Илюша и Игнат слушались меня во всем. За исключением редких случаев, когда желание покапризничать одерживало верх.

Мальчишки решились устроить субботу Днем Бунта и ругались между собой чуть ли не с самого пробуждения. Дрались из-за игрушек, пытались отнять друг у друга одежду, совершенно одинаковую и отличавшуюся только цветом. А во время обеда Илюшка выступил с заявлением, что отныне не собирается кушать на стуле для кормления.

– Нибудю нибудю нибудю! – верещал, дергая крохотными кулачками. И продолжал повторять «Нибудю!», пока не добился своего.

Лариса Андреевна пересадила его за детский столик, однако в одночасье ставший большим и самостоятельным мальчиком Илюша потребовал место среди взрослых.

Глядя на братика, Игнат пустился в тот же неистовый капризный пляс.

После обеда Лариса Андреевна повела их умываться и переодеваться, а я осталась отдраивать кухню от брызг и ошметков еды.

Материнство и уход за чадами – неблагодарный, часто не оценивающийся по достоинству труд. Я вцеплюсь в глотку каждому, у кого в моем присутствии повернется язык сказать, что домохозяйки занимаются бесполезными делами… Это невероятный стресс!

Близнецы ссорились до самого вечера.

Лариса Андреевна сжалилась над моей пошатнувшейся нервной системой и согласилась задержаться в доме, пока малыши не отправятся спать. От переполнившей меня признательности я даже пустила слезу. Вымоталась настолько, что вспомнила о необходимости принять пищу к моменту, когда Илюша с Игнатом сладко засопели, обнявшись с плюшевыми медвежатами, в своих кроватках.

Достала из холодильника творожную запеканку и поставила разогреваться в микроволновку. Лариса Андреевна заваривала нам чай с ромашкой.

– Не знаю, как буду справляться без вас, – пожаловалась я, откинувшись на высокую спинку стула, и запрокинула голову. Круговыми движениями помассировала виски, морщась от головной боли. В ушах до сих пор стоял детский визг.

– Справишься, дорогая.

Она передала мне кружку с ароматной горячей жидкостью, я поблагодарила и сделала маленький глоток.

– Вы прирожденная воспитательница, – похвалила старшую няню.

Лариса Андреевна открыла микроволновую печь и с улыбкой поставила передо мной тарелку с восхитительно-нежным творожным блюдом.
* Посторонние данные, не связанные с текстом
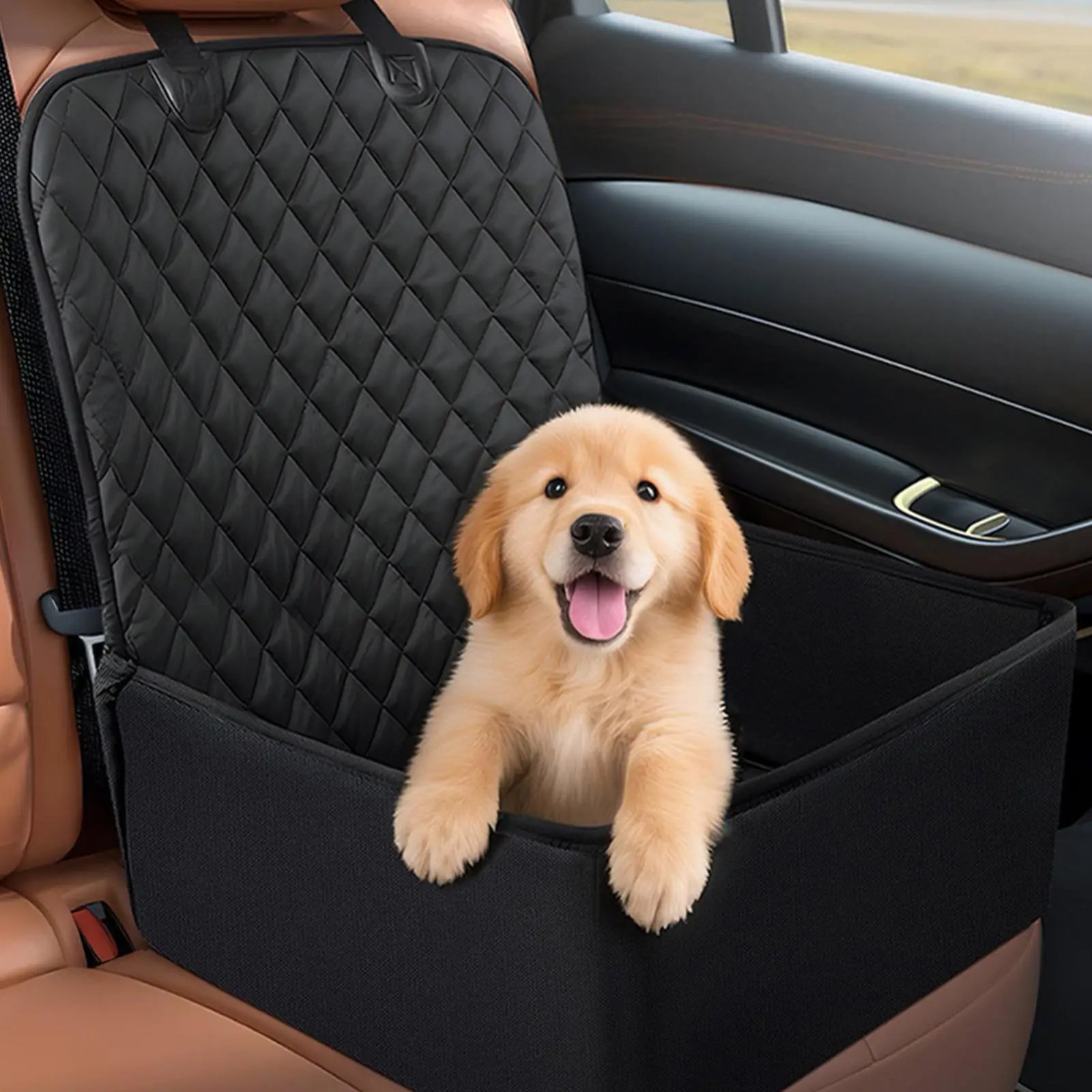 Portable Dog Car Seat Waterproof Back Seat Extender for Dogs Protector Cushion Carrier Cover Easy Clean for Bed Barrier Backseat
Готовила, кстати, тоже она.

– Вашим детям очень повезло, – пробормотала я, уплетая со страстью ее гастрономический шедевр.

– У меня… нет детей, милая, – заправив за ухо короткую прядь, Лариса Андреевна смущенно опустила ресницы и грустно улыбнулась. – Бог не дал.

Я застыла с ложкой у рта и нелепым выражением лица.

– Простите! Пожалуйста, извините! – я постучала себя по губам. Язык мой – враг мой! – Я не знала…

– Все в порядке, – она погладила меня по плечу, маскируя за вежливой улыбкой колоссальную боль. – Кушай и не торопись, не то подавишься.

От несправедливости и злости у меня сводило зубы.

Почему судьба на блюдце с золотой каемкой вручает кому-то, вроде моей матери-кукушки, шанс иметь ребенка, в котором она не нуждалась, от которого с легкостью отказалась? Почему судьба жестока к Ларисе Андреевне, лишив ее возможности дарить всеобъемлющую и чистую любовь, которой она переполнена, своей кровиночке?

Давиду Дмитриевичу несказанно повезло с этим чудесным человеком, ведь она любила мальчишек, как родных. Да и к Суворову относилась скорее как к сыну, а не работодателю. Они отлично между собой ладили и доверяли друг другу.